● Records for this exercise
[Start of section]
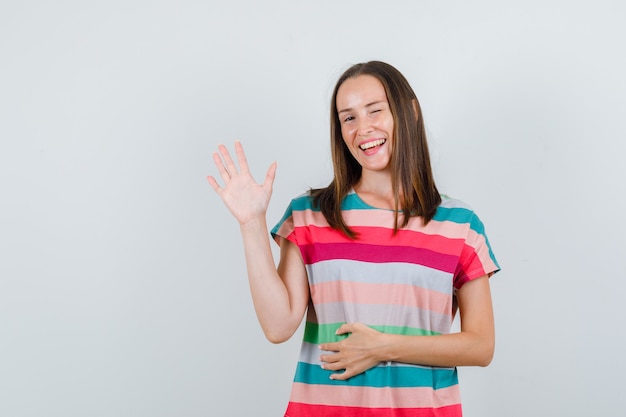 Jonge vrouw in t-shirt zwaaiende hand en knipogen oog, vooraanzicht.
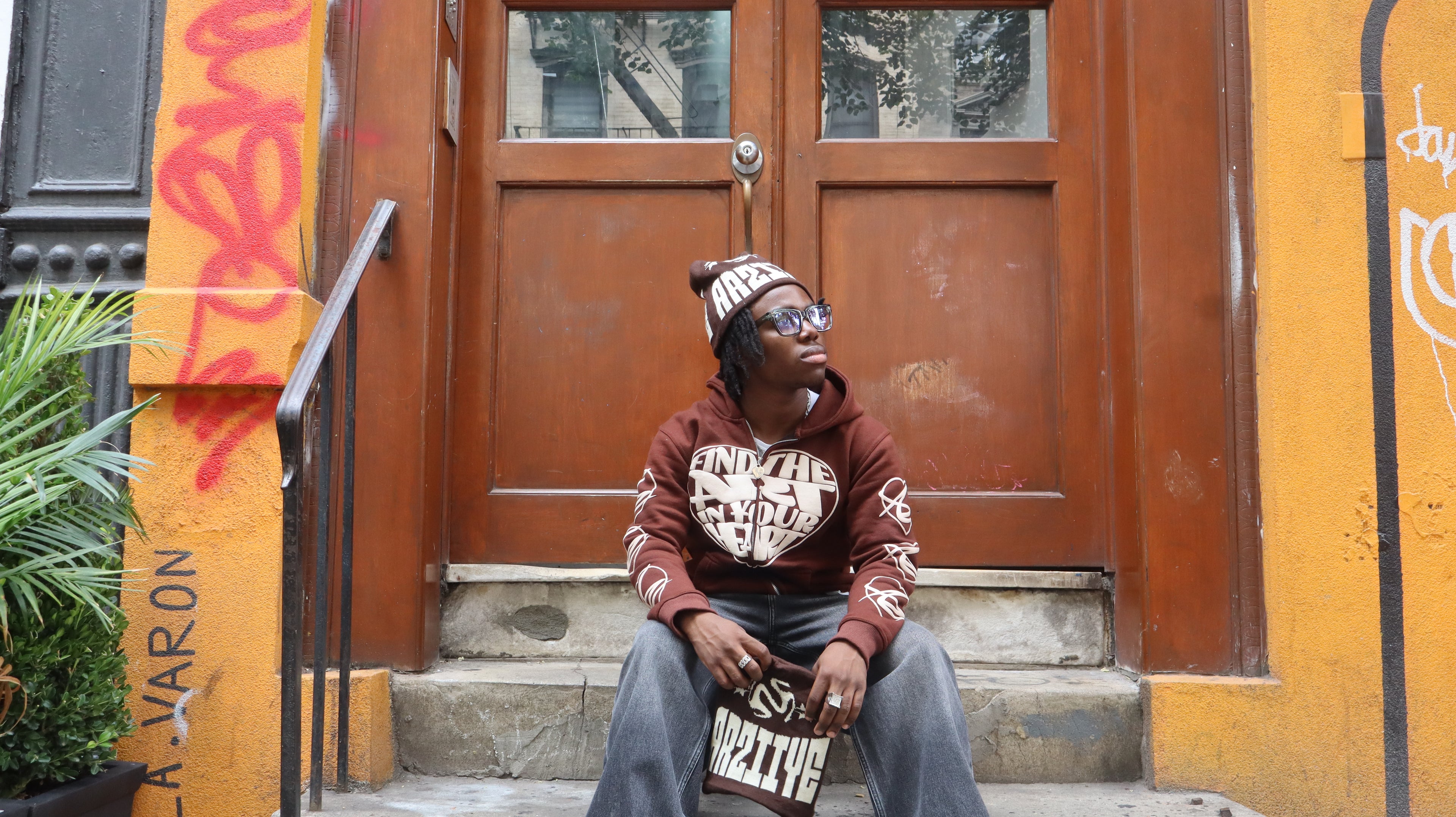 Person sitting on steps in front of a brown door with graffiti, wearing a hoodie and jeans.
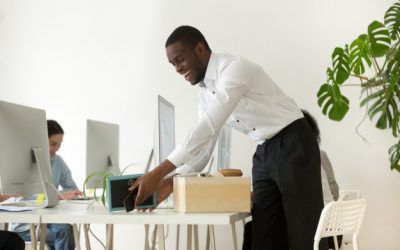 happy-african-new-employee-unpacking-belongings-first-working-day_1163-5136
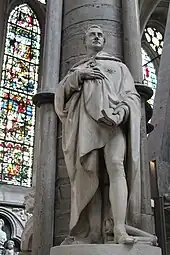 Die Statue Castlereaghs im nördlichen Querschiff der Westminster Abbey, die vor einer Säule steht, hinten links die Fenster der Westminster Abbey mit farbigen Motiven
[End of section]
[Start of section]
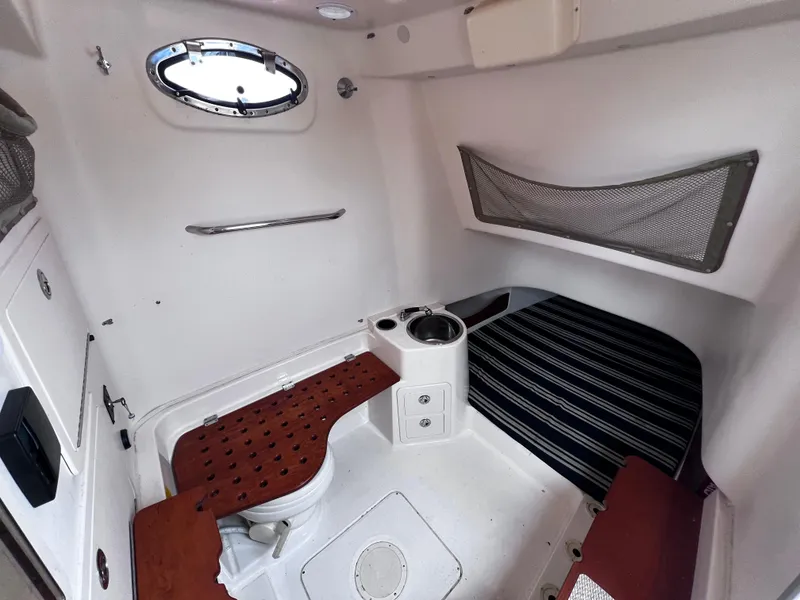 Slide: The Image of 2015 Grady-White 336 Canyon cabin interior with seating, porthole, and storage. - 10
[End of section]
● Problem requirements
Every line above from the one with "Jonge vrouw in" down to the one with "Die Statue Castlereaghs" must be written out exactly, and no picture may appear.

● Answer to this problem
 Jonge vrouw in t-shirt zwaaiende hand en knipogen oog, vooraanzicht.
 Person sitting on steps in front of a brown door with graffiti, wearing a hoodie and jeans.
 happy-african-new-employee-unpacking-belongings-first-working-day_1163-5136
 Die Statue Castlereaghs im nördlichen Querschiff der Westminster Abbey, die vor einer Säule steht, hinten links die Fenster der Westminster Abbey mit farbigen Motiven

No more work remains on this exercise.